— DATA SHOWN —
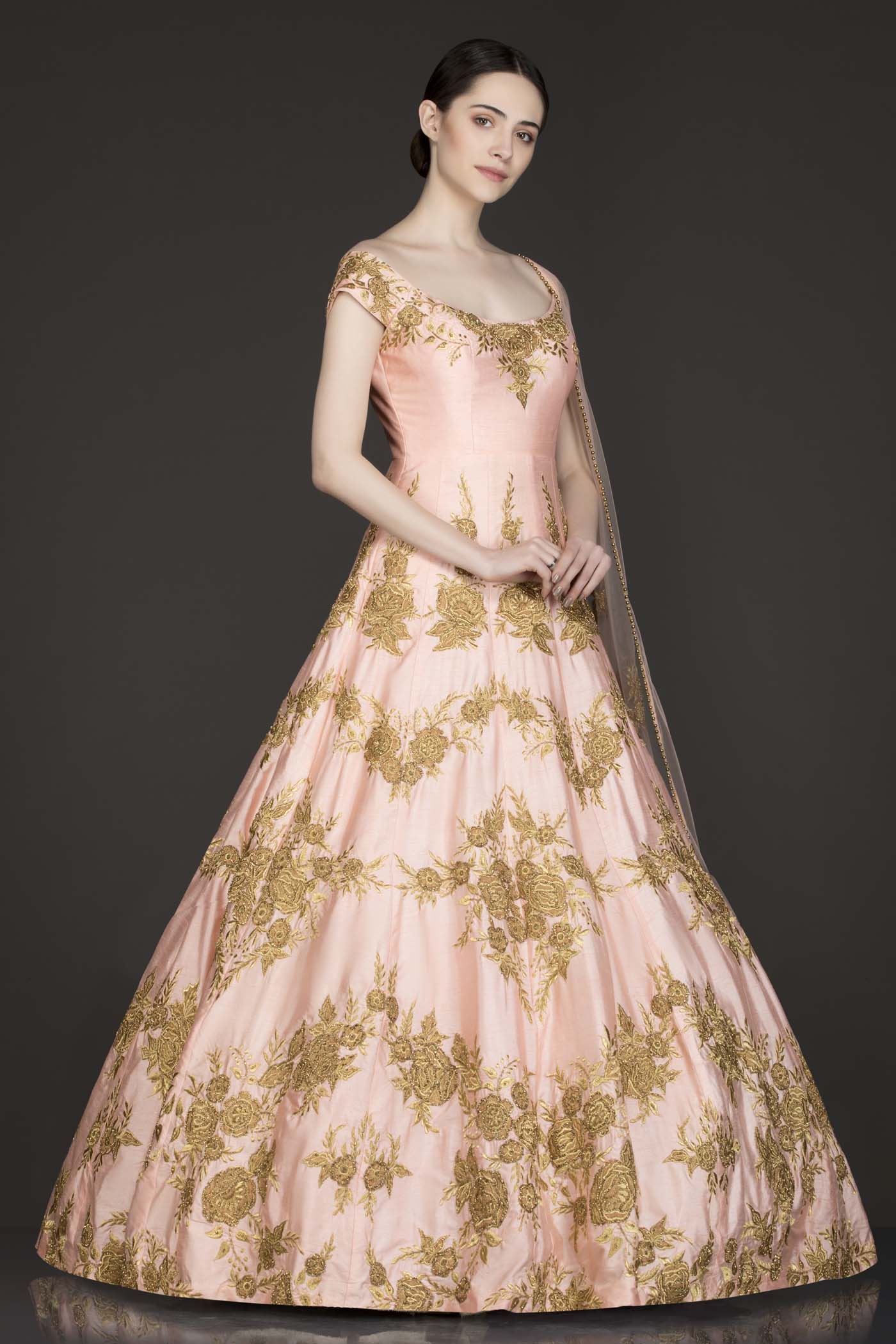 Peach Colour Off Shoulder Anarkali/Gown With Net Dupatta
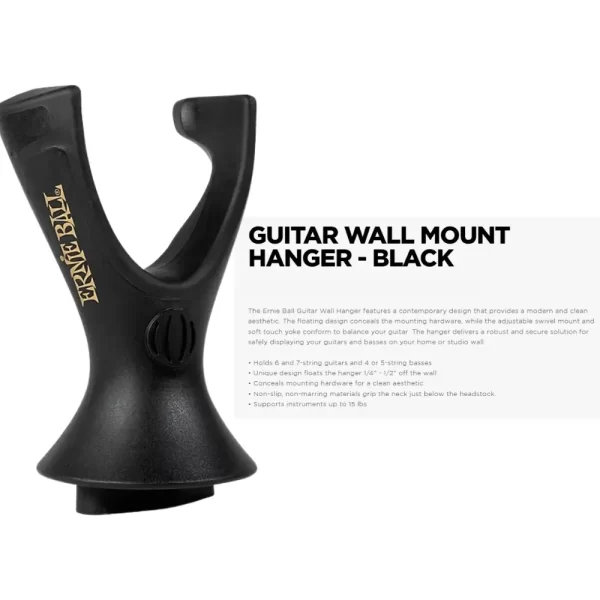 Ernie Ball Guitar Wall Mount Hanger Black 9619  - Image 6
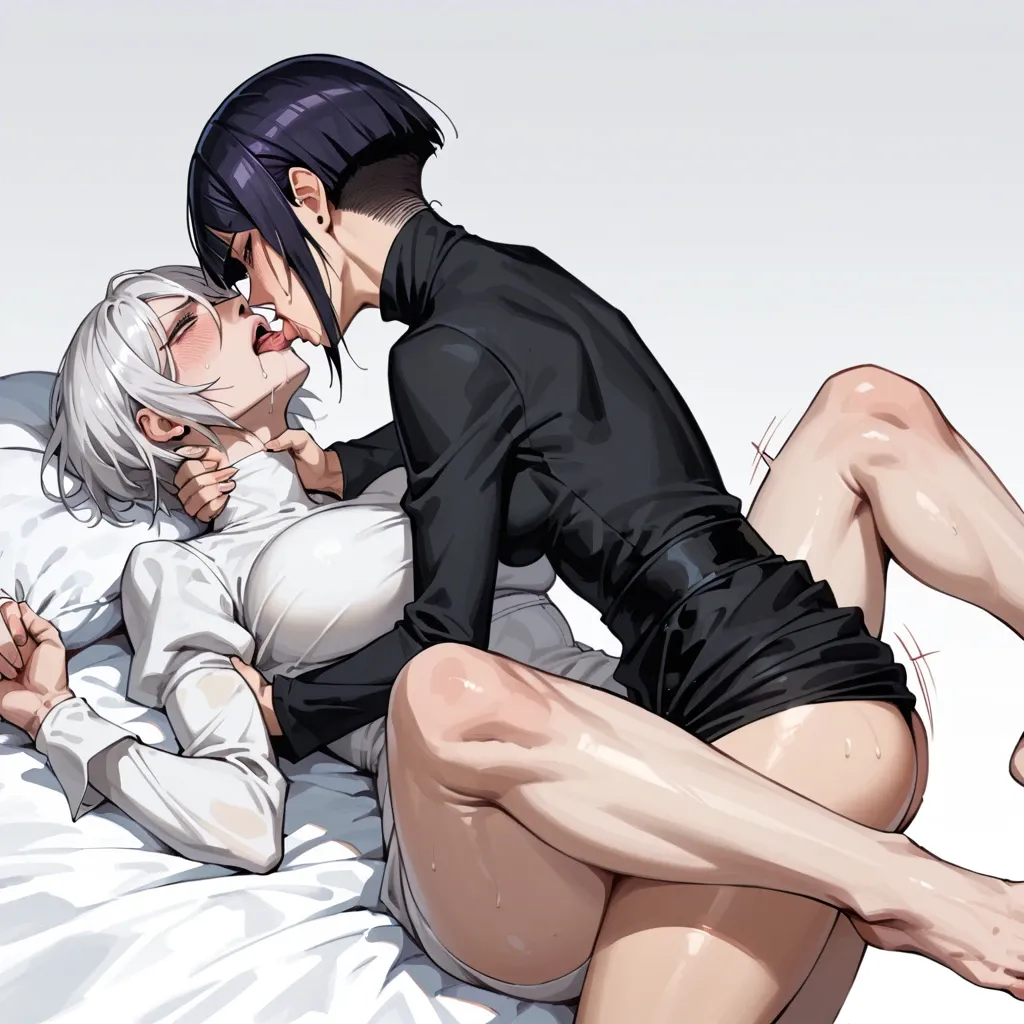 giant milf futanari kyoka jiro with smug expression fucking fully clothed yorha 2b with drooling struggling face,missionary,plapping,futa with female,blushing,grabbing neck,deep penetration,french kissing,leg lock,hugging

— EXERCISE DETAILS —
Could you print the listing above exactly, without the pictures?

— YOUR RESPONSE —
 Peach Colour Off Shoulder Anarkali/Gown With Net Dupatta
 Ernie Ball Guitar Wall Mount Hanger Black 9619  - Image 6
 giant milf futanari kyoka jiro with smug expression fucking fully clothed yorha 2b with drooling struggling face,missionary,plapping,futa with female,blushing,grabbing neck,deep penetration,french kissing,leg lock,hugging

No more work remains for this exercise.